PubMed: Channelopathy of Dravet Syndrome and Potential Neuroprotective Effects of Cannabidiol

J Cent Nerv Syst Dis. 2021 Dec 20;13:11795735211048045. doi: 10.1177/11795735211048045. eCollection 2021.

ABSTRACT

Dravet syndrome (DS) is a channelopathy, neurodevelopmental, epileptic encephalopathy characterized by seizures, developmental delay, and cognitive impairment that includes susceptibility to thermally induced seizures, spontaneous seizures, ataxia, circadian rhythm and sleep disorders, autistic-like behaviors, and premature death. More than 80% of DS cases are linked to mutations in genes which encode voltage-gated sodium channel subunits, SCN1A and SCN1B, which encode the Nav1.1α subunit and Nav1.1β1 subunit, respectively. There are other gene mutations encoding potassium, calcium, and hyperpolarization-activated cyclic nucleotide-gated (HCN) channels related to DS. One-third of patients have pharmacoresistance epilepsy.

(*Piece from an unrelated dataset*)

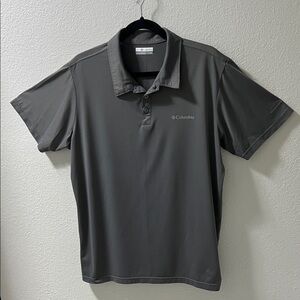 Columbia Men's Charcoal Polo Shirt Size Large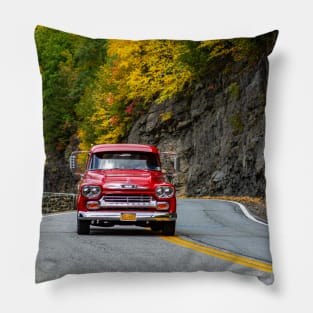 58 Pickup in Autumn Pillow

DS is unresponsive to standard therapy. Cannabidiol (CBD), a non-psychoactive phytocannabinoid present in Cannabis, has been introduced for treating DS because of its anticonvulsant properties in animal models and humans, especially in pharmacoresistant patients. However, the etiological channelopathiological mechanism of DS and action mechanism of CBD on the channels are unclear. In this review, we summarize evidence of the direct and indirect action mechanism of sodium, potassium, calcium, and HCN channels in DS, especially sodium subunits. Some channels’ loss-of-function or gain-of-function in inhibitory or excitatory neurons determine the balance of excitatory and inhibitory are associated with DS. A great variety of mechanisms of CBD anticonvulsant effects are focused on modulating these channels, especially sodium, calcium, and potassium channels, which will shed light on ionic channelopathy of DS and the precise molecular treatment of DS in the future.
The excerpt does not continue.